25 August 2004

Little Death scene.... the later

Here is the other scene I wrote for Little Death. The intertexuality that occurs here, which I'm quite proud of, is in the anecdote Trent tells Elsbeth, which is actually the plot from an episode of Buffy the Vampire Slayer.


#. INT: TRIPLE MEAT PALACE (A FAST FOOD CHAIN)
6:13 EVENING


TRENT: You ever wonder what the secret ingredient in the Triple Meat Spectacular® is?

ELSBETH: I can't say I have.

TRENT: (between mouthfuls): 's meat...

ELSBETH: huh?

TRENT: You see, the triple meat spectacular, at least the supposed meat in it, consists of nothing more than textured vegetable extract with added rendered beef fat for flavour....

ELSBETH: hmmm... That doesn't really sound like something that is public knowledge...
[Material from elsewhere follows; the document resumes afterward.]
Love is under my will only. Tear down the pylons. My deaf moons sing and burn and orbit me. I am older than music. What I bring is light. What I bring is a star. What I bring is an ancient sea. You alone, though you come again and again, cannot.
TRENT: well, it isn't, it's a secret. Hence 'Secret Ingredient'.

ELSBETH: but you know...

TRENT: yes, I know.

ELSBETH: and you know because?

TRENT: well, when I was in college, scraping an existence on ramen and stir-fry, staying out all night and sleeping through my lectures it was necessary for me to take a part time job in order to pay my fees. Not all of us have wealthy parents living in New York.

ELSBETH: Huh

TRENT: so anyway, I took a job at my local Meat Palace, working the graveyard and occasional day shift, in between lecturers and parties. I spent many an hour slaving over a grinder, and frying burgers and onions. Constantly surround by this... smell. This smell that penetrated every orifice of my body. It drove me crazy... It didn't quite smell RIGHT. Like it wasn't quite meat or something, like... I dunno. Anyway, after a long night shift spent pondering, among other things, the origins of the meat patties I'd been grilling all night I decided I would once and for all find out WHAT they were. So I took a burger over to a friend of mine who was studying chemistry and asked him to run an analysis on it. You know what he found?
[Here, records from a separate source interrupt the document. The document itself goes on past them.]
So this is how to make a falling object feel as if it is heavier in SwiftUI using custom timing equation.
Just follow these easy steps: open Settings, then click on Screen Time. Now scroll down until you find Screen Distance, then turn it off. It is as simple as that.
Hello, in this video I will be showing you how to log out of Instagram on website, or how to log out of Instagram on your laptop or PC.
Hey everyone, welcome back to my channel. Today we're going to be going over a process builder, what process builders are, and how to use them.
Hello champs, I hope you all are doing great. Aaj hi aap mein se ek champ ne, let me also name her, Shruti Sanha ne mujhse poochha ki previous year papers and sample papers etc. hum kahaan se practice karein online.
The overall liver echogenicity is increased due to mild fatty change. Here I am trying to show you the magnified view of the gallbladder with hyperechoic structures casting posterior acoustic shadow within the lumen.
ELSBETH: That the burger wasn't meat?

TRENT: Uh-huh. It wasn't.

A SILENT PAUSE

ELSBETH: So then what?

TRENT: what do you mean?

ELSBETH: Well, what did you do with your new found forbidden knowledge?
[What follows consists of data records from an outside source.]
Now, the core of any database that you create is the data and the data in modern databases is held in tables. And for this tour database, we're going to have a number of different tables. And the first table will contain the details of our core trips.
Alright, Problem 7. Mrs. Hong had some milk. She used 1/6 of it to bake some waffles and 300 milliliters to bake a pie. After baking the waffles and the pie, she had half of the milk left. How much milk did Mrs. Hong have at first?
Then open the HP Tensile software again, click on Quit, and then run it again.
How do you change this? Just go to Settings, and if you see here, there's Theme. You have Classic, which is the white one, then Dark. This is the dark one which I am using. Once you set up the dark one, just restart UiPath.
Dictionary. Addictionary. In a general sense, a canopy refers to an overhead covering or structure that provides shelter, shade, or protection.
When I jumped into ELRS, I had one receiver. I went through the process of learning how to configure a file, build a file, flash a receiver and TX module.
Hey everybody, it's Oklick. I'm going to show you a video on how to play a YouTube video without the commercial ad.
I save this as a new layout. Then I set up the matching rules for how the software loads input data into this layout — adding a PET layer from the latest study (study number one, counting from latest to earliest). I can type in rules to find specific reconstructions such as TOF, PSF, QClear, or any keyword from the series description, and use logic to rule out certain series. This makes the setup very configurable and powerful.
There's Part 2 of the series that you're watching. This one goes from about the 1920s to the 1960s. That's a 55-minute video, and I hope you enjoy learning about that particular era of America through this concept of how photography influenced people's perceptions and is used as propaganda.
TRENT: nothing, my curiosity had been quenched.

ELSBETH: Didn't you tell anyone?

TRENT: No...

ELSBETH: why not?

TRENT SHRUGS.

ELSBETH: You tell the most pointless stories.

THEY EAT SILENTLY. TRENT IS UNEASY AND FIDDGETS A LITTLE.

ELSBETH: What's bugging you?

TRENT: The body...

ELSBETH: the one that they found in the turnpike?

TRENT: yeah... I knew him. I mean, I knew who he was.

ELSBETH: Really?

TRENT: yeah... His name was Jimmy, he was drug dealer. Used to sell me bennies when I needed to pull an all nighter.

ELSBETH: Bennies?

TRENT: Amphetamines.

ELSBETH: Ah....

TRENT: Well, they haven't identified him yet, and I'm wondering whether I should come forward... The thing is I don't want to.....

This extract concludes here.